Już dawno nie czytałam tak świetnego, a zarazem bardzo zabawnego romansu. Ta historia różni się od powielanych schematów, jakie zazwyczaj pojawiają się w tego typu książkach. Do tego charakterystyka bohaterów to mistrzostwo. Flint to dość oschły mężczyzna, który wyparł wszystkie uczucia. Pewne wydarzenia w jego życiu spowodowały, że wycofał się z życia, a jego jedynym celem była opieka nad synkiem Harrisonem. Nie pozwalał sobie na żadne emocjonalne zaangażowanie, a kobiety były dla niego przygodą na jedną noc. Do czasu, aż w jego życiu pojawia się Ellen Rodgers, która samą swoją osobą potrafi rozjaśnić nawet najbardziej ponury dzień. Jest serdeczna, miła i przede wszystkim szczera i już od samego początku zaczęła działać Flintowi na nerwy. Ich relacja w większości opierała się na potyczkach słownych, ale jedno drugiemu umiało tak dopiec, że często wybuchałam głośnym, niekontrolowanym śmiechem. I to jest największy plus tej książki. Można się przy niej zrelaksować, to na pewno.

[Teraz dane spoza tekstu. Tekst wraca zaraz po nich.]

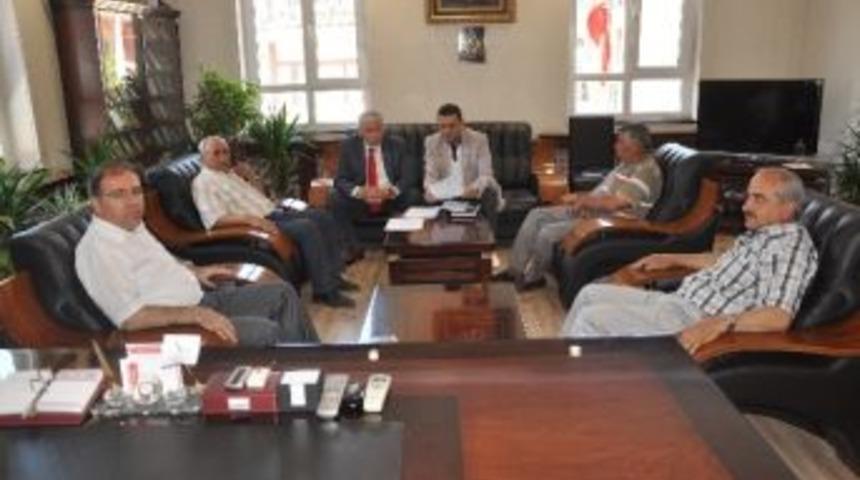 Tosya Pirincine Mahre&ccedil; Alma &Ccedil;alışmaları Tamamlandı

Bardzo przypadła mi też do gustu relacja Flinta z synem. Harrison był tak uroczym dzieckiem, że nie dało się nie uśmiechać, gdy pojawiał się na kartach powieści. Autorka poprzez postać Harrisona chciała przedstawić dziecko autystyczne, które ma prawo być takie jak inne dzieci, pomimo tego, że nie zachowuje się czasami jak zwykłe dziecko. Harrison był szczery, zabawny, a jego odzywki były zawsze idealnie w punkt. Nie krył się z niczym i zawsze otwarcie przedstawiał swoją opinię o różnych sprawach, przez co zawsze wprawiał w złość swojego ojca.

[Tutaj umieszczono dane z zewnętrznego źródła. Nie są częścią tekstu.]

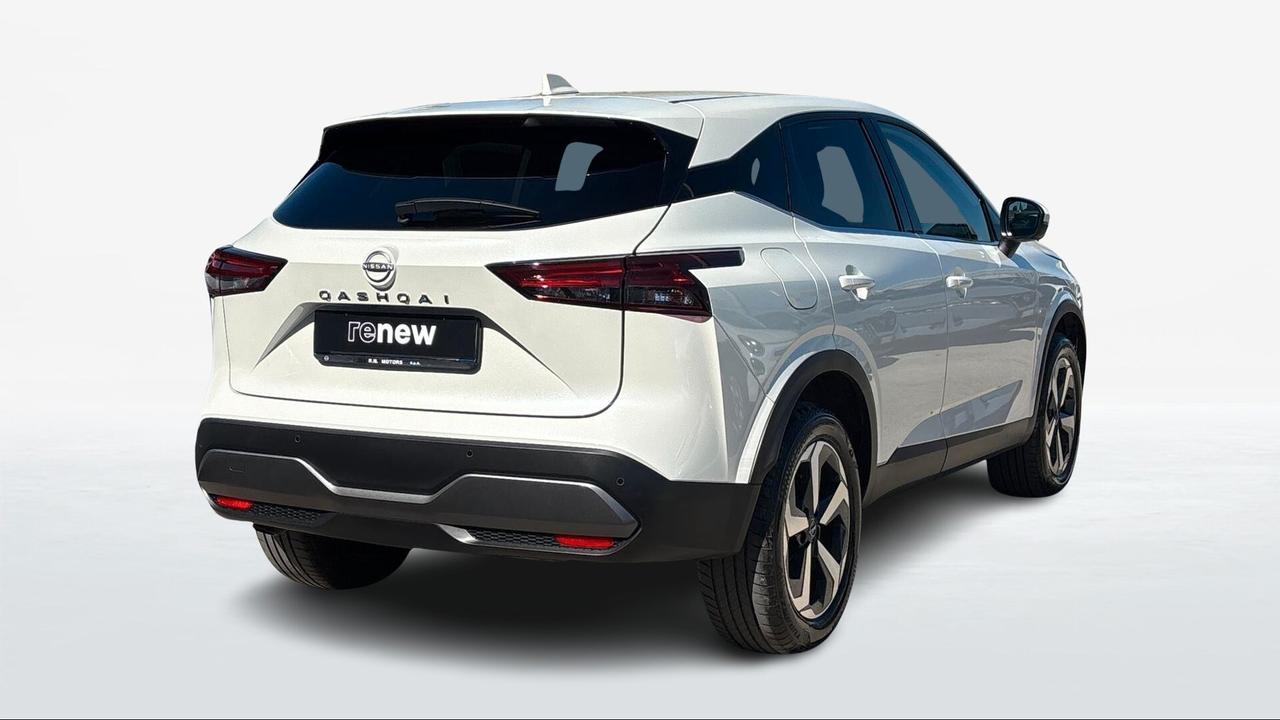 Nissan Qashqai MHEV 140 CV N-Connecta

Nie spodziewałam się, że fabuła książki będzie taka rozbudowana. Działo się naprawdę dużo, przez co nie mogłam się oderwać od lektury. A każda sytuacja w tej historii była taka świetna. Już dawno, aż tak nie zachwycałam się na książką. Ale "Pan perfekcyjny" naprawdę przypadł mi do gustu. Polubiłam bohaterów, zżyłam się z nimi i nie chciałam opuszczać tego świata. W dodatku autorka posługuje się lekkim językiem, dlatego też książkę czyta się błyskawicznie.
"Pan perfekcyjny" to perfekcyjna lektura. Dla fanów tego gatunku będzie jak znalazł, ale i nie tylko dla nich. Książka dostarczy wam mnóstwo śmiechu i niezapomnianych wrażeń.
"- Nigdy nie żałuj, że kogoś kochasz. Rób to dla siebie, nie dla innych."